Foto 4.14. Vista de uma porção de Cerrado sobre o Grupo Cuiabá (DIAS, 1998)
Para uma melhor apreensão da estrutura vegetal descrita, remeta-se ao item 4.2.2.1., que trata da cartografia da vegetação através da técnica de pirâmides.
A ocupação antrópica desfigurou grande parte das paisagens originais da região, criando um complexo mosaico paisagístico. Hoje, as paisagens da região de Bonito são um misto de áreas completamente desprovidas de vegetação natural convivendo lado a lado com áreas intocadas. As primeiras referem-se aos vales aplainados e as segundas, aos mogotes (vide Foto 4.13.).
As porções mais elevadas da Serra da Bodoquena desfrutam de um grande maciço florestal, conservado, principalmente, pelo fato de estar sobre um relevo acidentado, o que acaba por dificultar o uso para outros fins. Nem por isso, acredita-se que esta não esteja fora de riscos, caso não haja uma presença sistemática dos órgãos defesa ambiental. Considera-se que, pelas suas características tanto florísticas, quanto pelas características de sua estrutura lito-pedológica, esta porção deve ser destinada à preservação permanente.
As porções de cerrado (Áreas de Tensão Ecológica), consideradas de transição entre formações vegetais, por suas características florísticas, acabam sendo alvo de uma ação antrópica mais intensa, seja pela concepção errônea de aparente "pobreza" das espécies florestais (predomínio de arbustos e espécies herbáceas), portanto trocando-as por pastagens artificiais ou utilizando-o como pastagem natural, sendo, também, o primeiro passo para a exclusão deste. Este fato foi comprovado quando dos estudos fitossociológicos realizados na região, que apontam para uma tendência a seu desaparecimento.

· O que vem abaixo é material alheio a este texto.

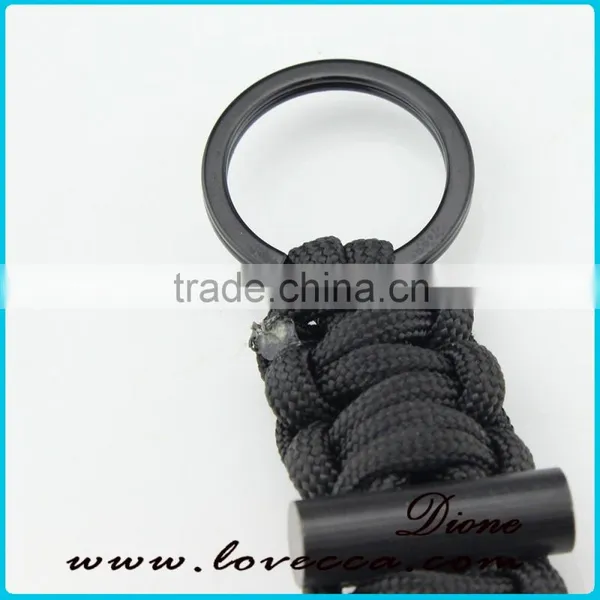 Carabiner Paracord Keychain With Firestarter photo-3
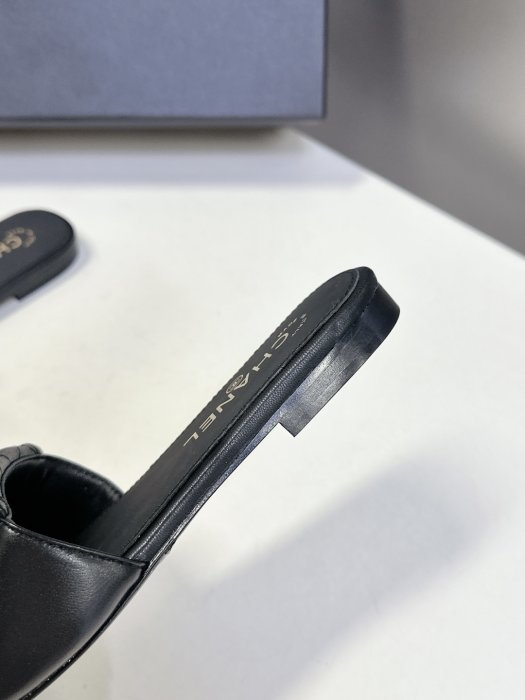 Шлепанцы женские фото 8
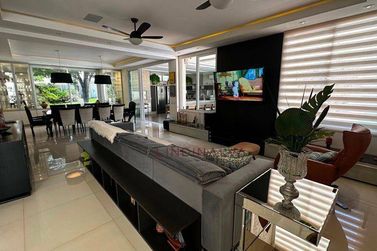 Sobrado &agrave; venda - 750m&sup2; - Condom&iacute;nio Residencial Castel Franco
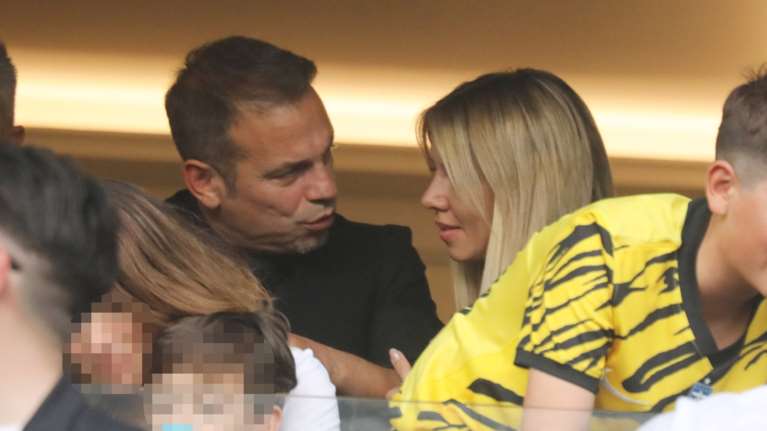 Αλεξάνδρα Νικολαΐδου &amp; Ντέμης Νικολαΐδης: Στόλισαν για τα Χριστούγεννα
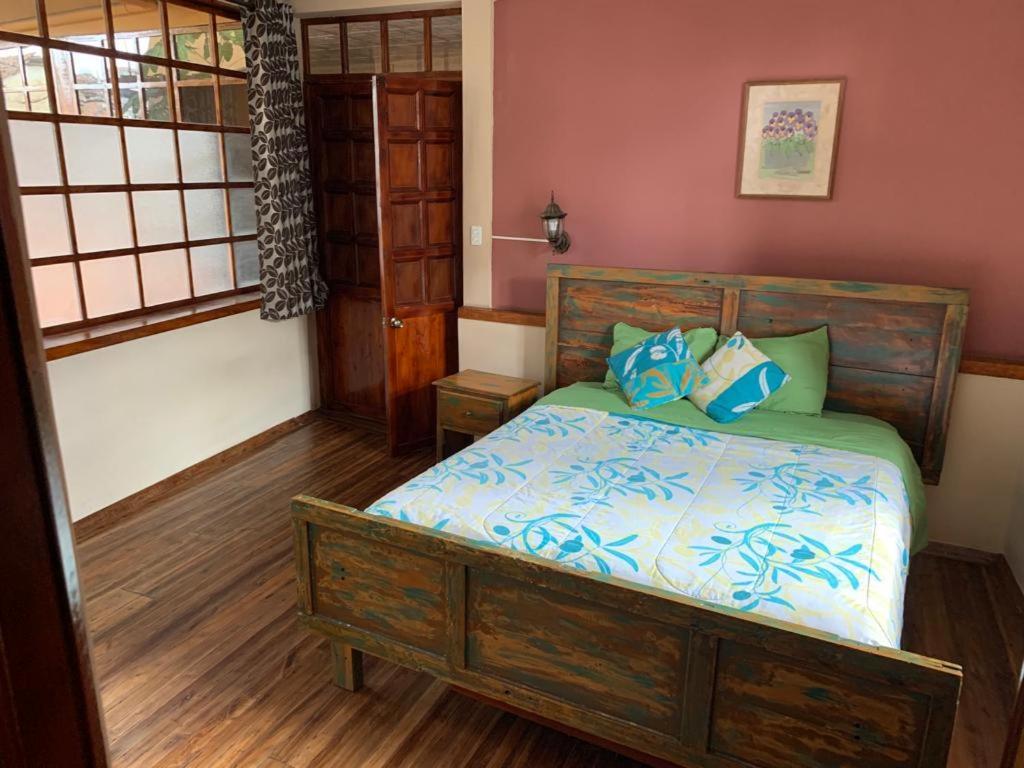 Hostel Santa Canela Cuenca Ngoại thất bức ảnh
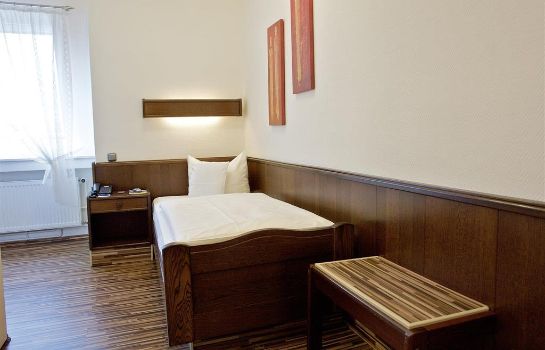 Hotel Deutsches Haus Braunschweig Great Prices At Hotel Info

A alta fertilidade dos solos atraiu, nos últimos anos, agricultores de forma rápida e intensiva para a região, caracterizando-a como uma das fronteiras agrícolas mais recentes do Estado de Mato Grosso do Sul (CATTANIO et alii, 1993). Este tipo de exploração demonstra sérios riscos para o ambiente, uma vez que a circulação subterrânea, facilita a contaminação dos lençóis aqüíferos, quando da utilização de agrotóxicos. CATTANIO et alii (1993) sugerem a exclusão de tal prática nas regiões calcárias. Além disso, a implantação dos agrossistemas implica na retirada de grandes massas vegetais, condição imprescindível para a proteção contra os processos erosivos e perda de solos. O processo inverso pode desencadear uma série de fenômenos degradativos ao ambiente.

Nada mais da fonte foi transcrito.